[Captioned web images]
^^^^^^^^^^^^^^^^

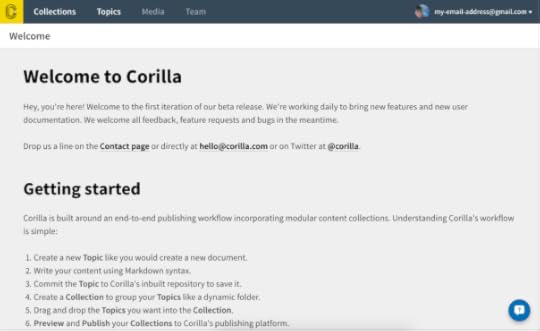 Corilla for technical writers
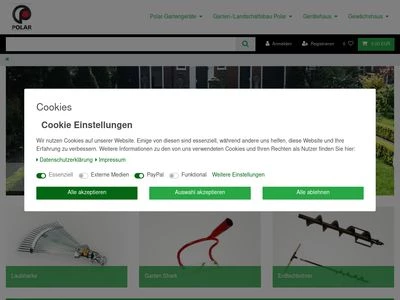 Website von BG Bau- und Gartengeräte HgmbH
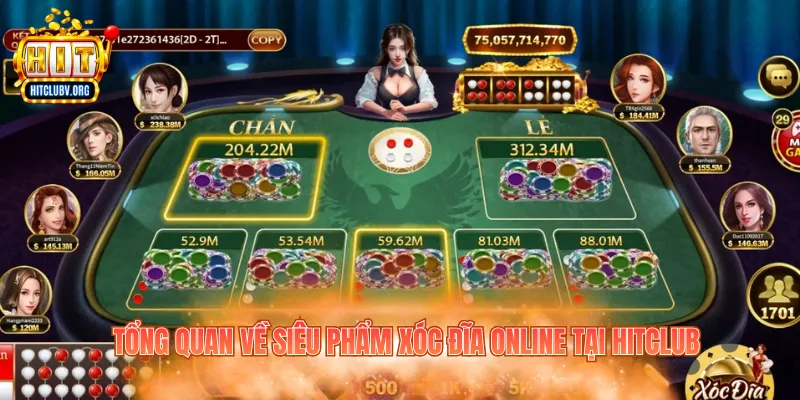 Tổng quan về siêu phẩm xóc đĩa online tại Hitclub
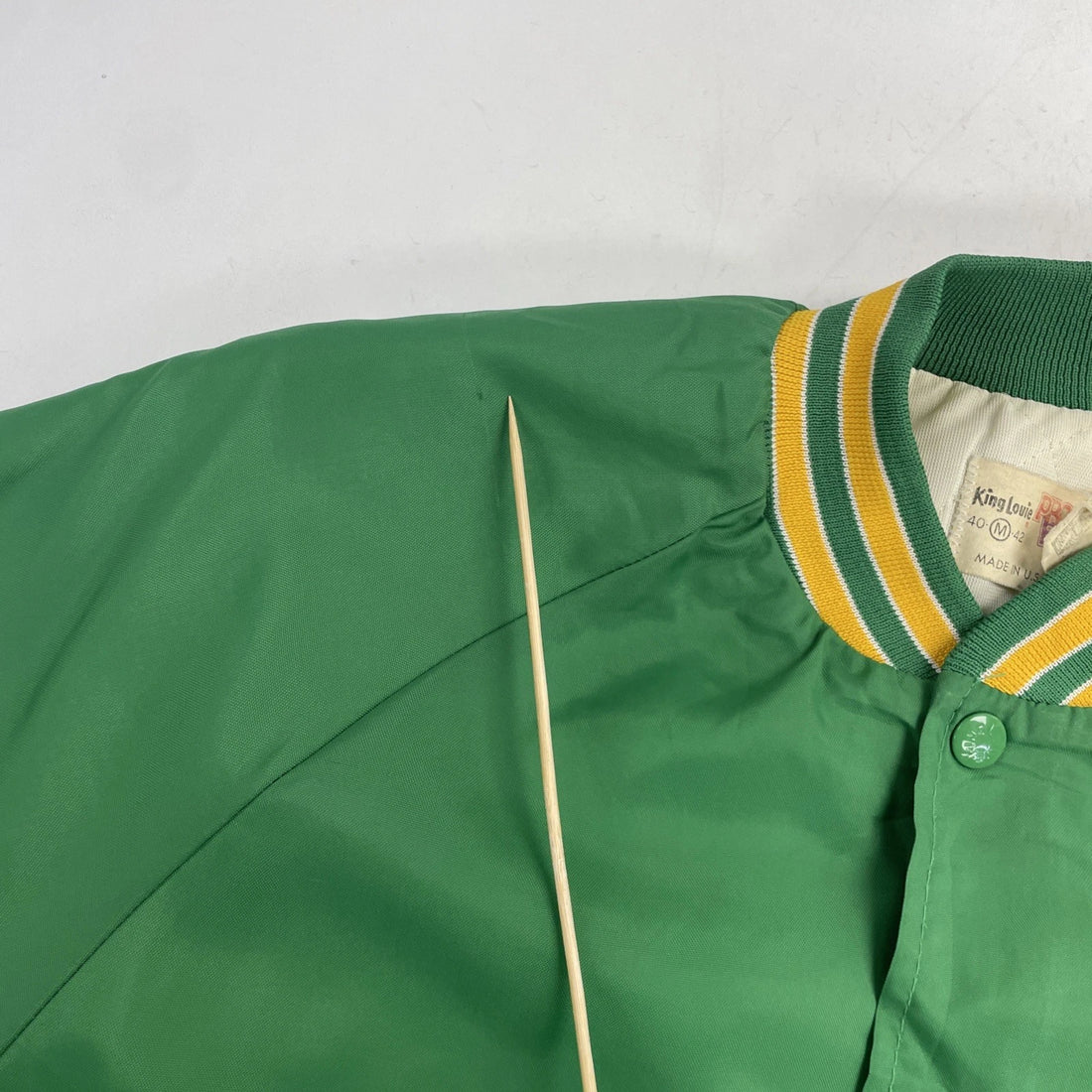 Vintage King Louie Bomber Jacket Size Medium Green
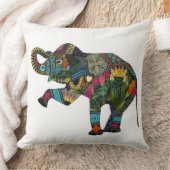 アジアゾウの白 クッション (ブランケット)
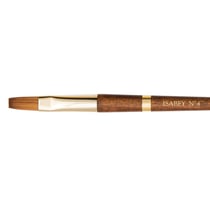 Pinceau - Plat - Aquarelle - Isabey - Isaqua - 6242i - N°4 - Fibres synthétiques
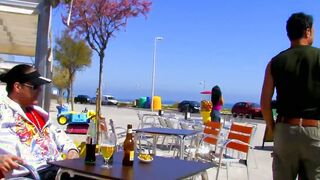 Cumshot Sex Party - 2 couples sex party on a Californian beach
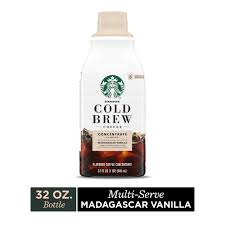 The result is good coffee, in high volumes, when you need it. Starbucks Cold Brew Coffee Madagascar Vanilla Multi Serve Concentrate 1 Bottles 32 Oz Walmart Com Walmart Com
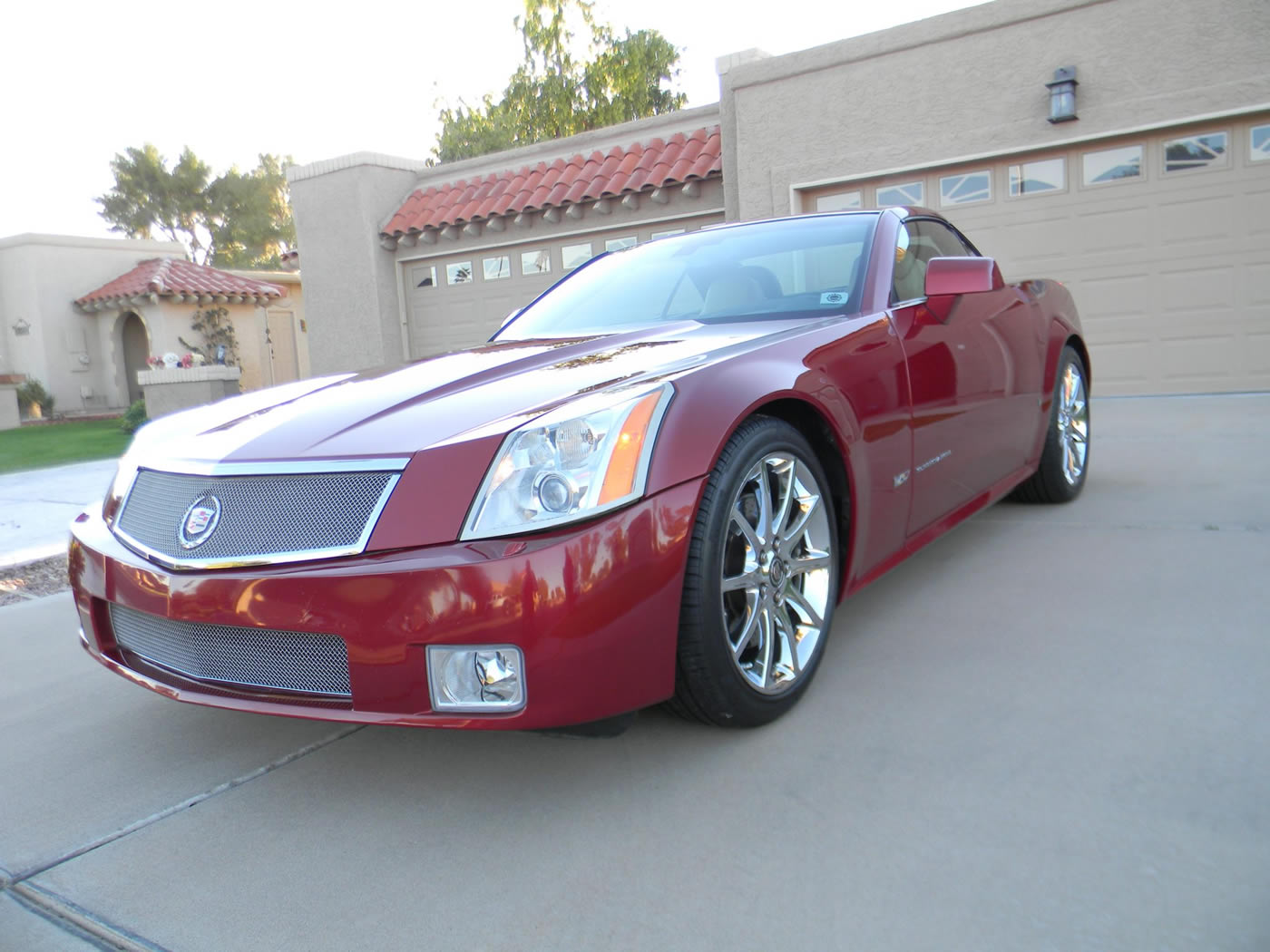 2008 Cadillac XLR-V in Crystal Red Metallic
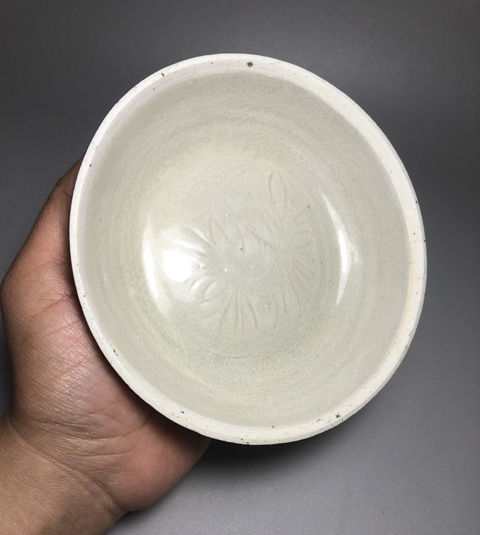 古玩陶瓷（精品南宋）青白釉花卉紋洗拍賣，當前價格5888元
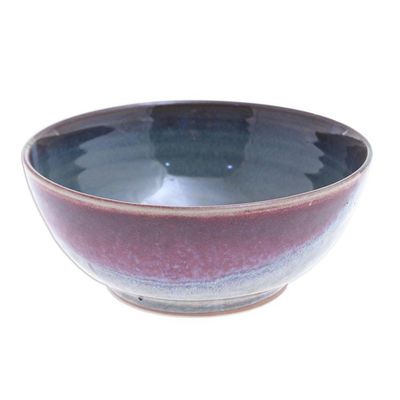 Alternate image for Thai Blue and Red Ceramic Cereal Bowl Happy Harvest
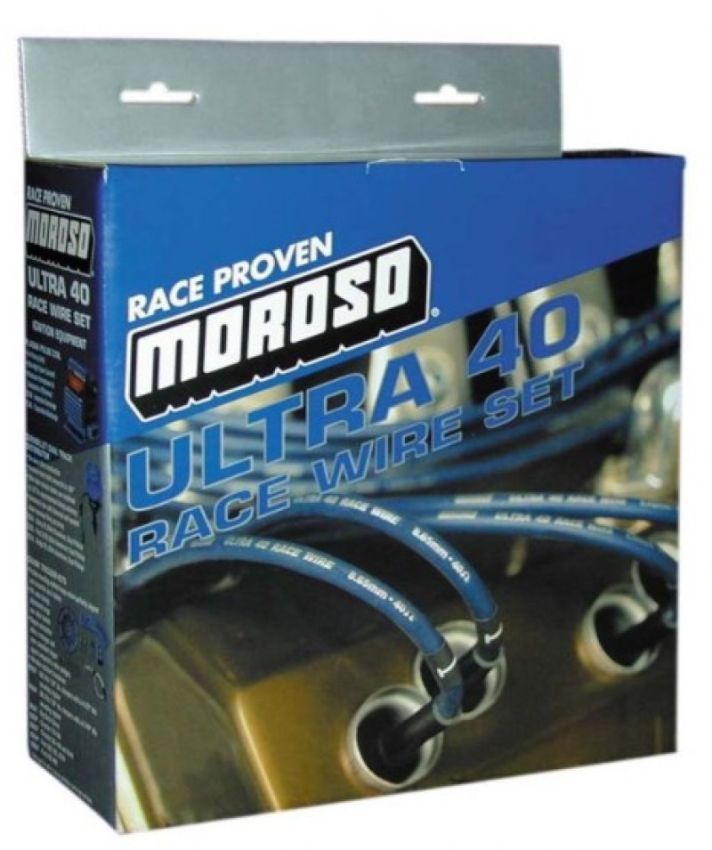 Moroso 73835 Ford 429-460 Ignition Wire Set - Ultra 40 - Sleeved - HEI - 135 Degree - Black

^^^^^^^^^^^^^^^^

• HOW TO COMPLETE THIS TASK
Only the pictures stay out; the rest of the entries above must be written out exactly.

• ANSWER BELOW
 Corilla for technical writers
 Website von BG Bau- und Gartengeräte HgmbH
 Tổng quan về siêu phẩm xóc đĩa online tại Hitclub
 Vintage King Louie Bomber Jacket Size Medium Green
 アジアゾウの白 クッション (ブランケット)
 Pinceau - Plat - Aquarelle - Isabey - Isaqua - 6242i - N°4 - Fibres synthétiques
 Cumshot Sex Party - 2 couples sex party on a Californian beach
 The result is good coffee, in high volumes, when you need it. Starbucks Cold Brew Coffee Madagascar Vanilla Multi Serve Concentrate 1 Bottles 32 Oz Walmart Com Walmart Com
 2008 Cadillac XLR-V in Crystal Red Metallic
 古玩陶瓷（精品南宋）青白釉花卉紋洗拍賣，當前價格5888元
 Alternate image for Thai Blue and Red Ceramic Cereal Bowl Happy Harvest
 Moroso 73835 Ford 429-460 Ignition Wire Set - Ultra 40 - Sleeved - HEI - 135 Degree - Black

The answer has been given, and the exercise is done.